> **Crawled caption data**:

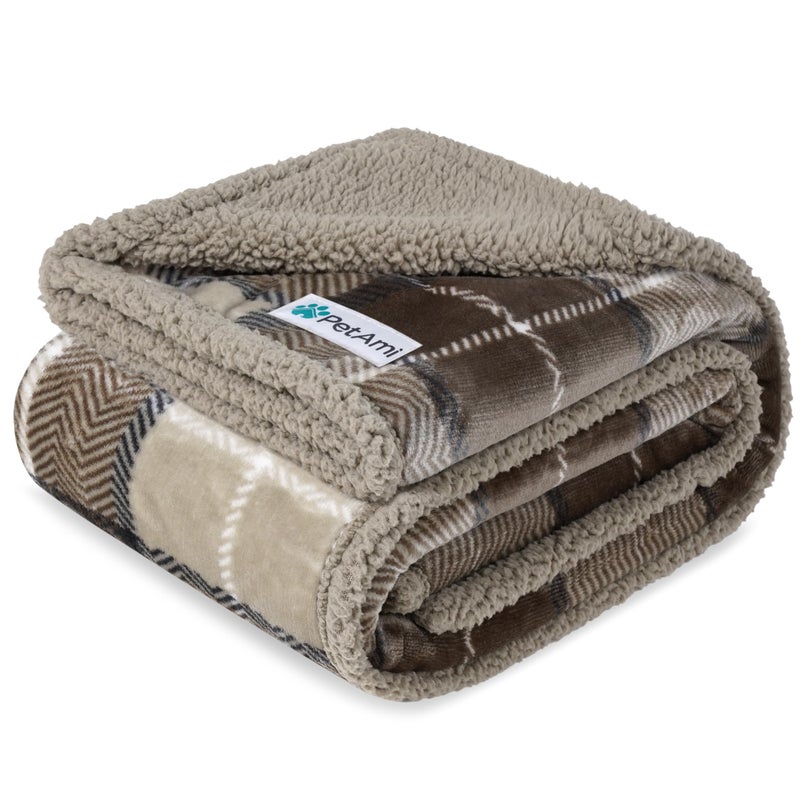 PetAmi Waterproof Dog Blanket for Medium Large Dog Puppy Cat Throw for Couch Cover Leakproof Protection, Sherpa Fleece, Reversible Soft Washable 60x40 Plaid Taupe - Image 1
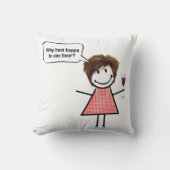 Stick Figure Girl With Wine Glass クッション (正面)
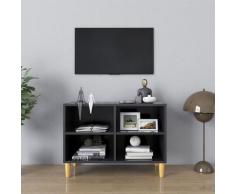 vidaXL Mobile TV con Gambe in Legno Massello Grigio 69,5x30x50 cm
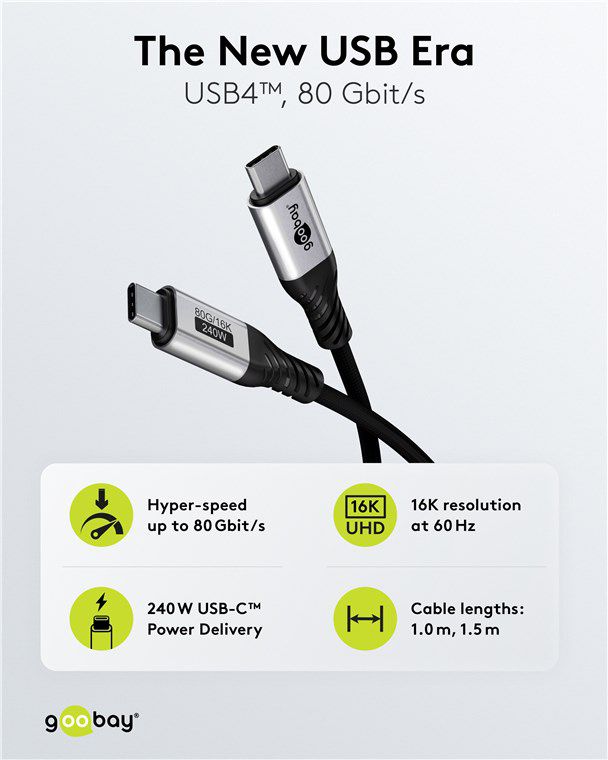 GOOBAY καλώδιο USB-C 74776, USB4, 240W, 80Gbps, 16K/60Hz, 1.5m, μαύρο - Image 4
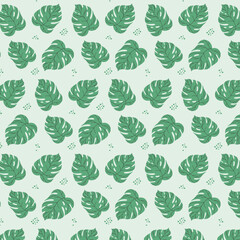Seamless tropical pattern with green monstera leaves on a light background. Ideal for wallpaper, fabric, wrapping, and home decor. Fresh, modern, and nature-inspired design.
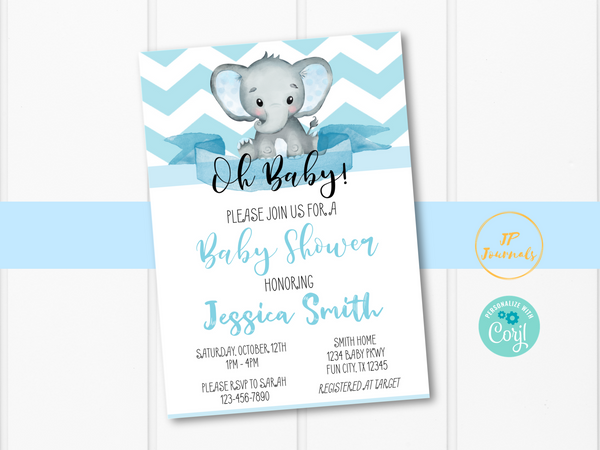 Download Light Blue Elephant Baby Shower Invitation Template Edit Print Diy Jp Designs And Gifts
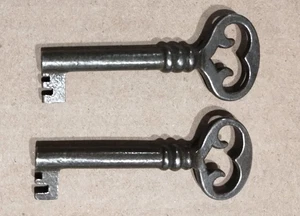 Old Hutch Furniture Cabinet Door Drawer Hollow Barrel 2-1/4"  Skeleton Keys - Picture 1 of 2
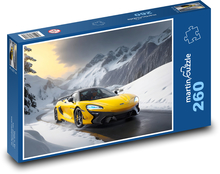 Yellow sports car in snowy landscape Puzzle 260 pieces - 41 x 28.7 cm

> **Exercise directions**:
Exact copy, no pictures. Write out the lines in the entries above, starting with the line with "Stick Figure Girl With Wine Glass クッション (正面)" and going on through the line with "GOOBAY καλώδιο USB-C", keeping both.

> **Solution**:
 Stick Figure Girl With Wine Glass クッション (正面)
 vidaXL Mobile TV con Gambe in Legno Massello Grigio 69,5x30x50 cm
 GOOBAY καλώδιο USB-C 74776, USB4, 240W, 80Gbps, 16K/60Hz, 1.5m, μαύρο - Image 4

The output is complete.